NGS Super, the Australian super-fund, says it is turning away from its environmentally focused investment option and starting a socially responsible fund after its investors showed little interest in going green.

NGS Super, which has A$5.5 bn ($5.08 bn) in assets under management, underwent a consultation with its investors after the failure of its venture into environmentally responsible investment options and found they preferred a socially focused option. The new fund will steer clear of investments in armaments, pornography and tobacco.

‘Our green shares are our least subscribed option,’ NGS Super chief executive Anthony Rodwell-Ball explains, as quoted by the Financial Standard newspaper. ‘Of A$5.5 bn, we have only $22 mn in the green shares option. It’s been a matter of considerable interest to us for a number of years.’

Besides the focus on a different area of investment, Rodwell-Ball says the socially responsible option will be much more diverse than its green counterpart and less volatile as a result.
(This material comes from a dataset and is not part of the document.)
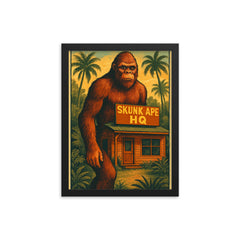 Skunk Ape HQ Ochopee Florida USA framed print on a plain backdrop in size 12"x16".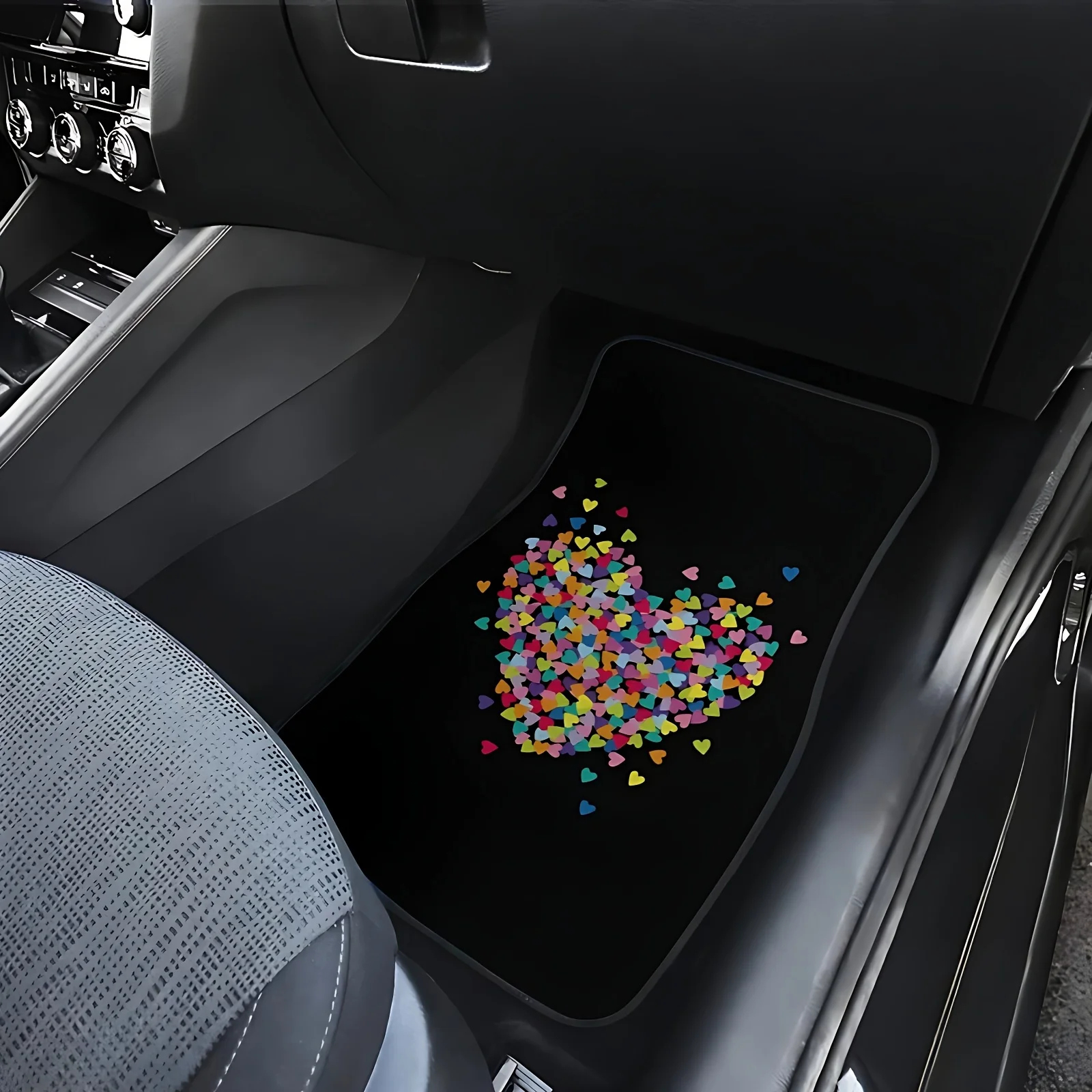 4pcs Colorful Heart Pattern Car Floor Mats- Comfortable Crystal Velvet Vehicles Floor Mats, Front& Rear Full Coverage Auto Inter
While NGS Super investors generally support environmentally focused initiatives, the fund’s green investments have proven much more volatile than many expected, Rodwell-Ball adds.

‘Members are not silly – they see volatility and they understand the underlying risk, and therefore they vote against it, because they know their hard-earned dollars need to stretch a long way in retirement,’ Rodwell-Ball told the paper. He said NGS Super, which mainly serves non-government education and community-focused organizations, expects the new investment option to attract more than double the level of interest its green option attracted.

The company, which is a signatory to the United Nations Principles for Responsible Investment, the Carbon Disclosure Project and the Investor Group on Climate Change, emphasizes its focus on the environment in its materials for investors, saying it seeks ‘investments that consider environmental, social and governance principles’.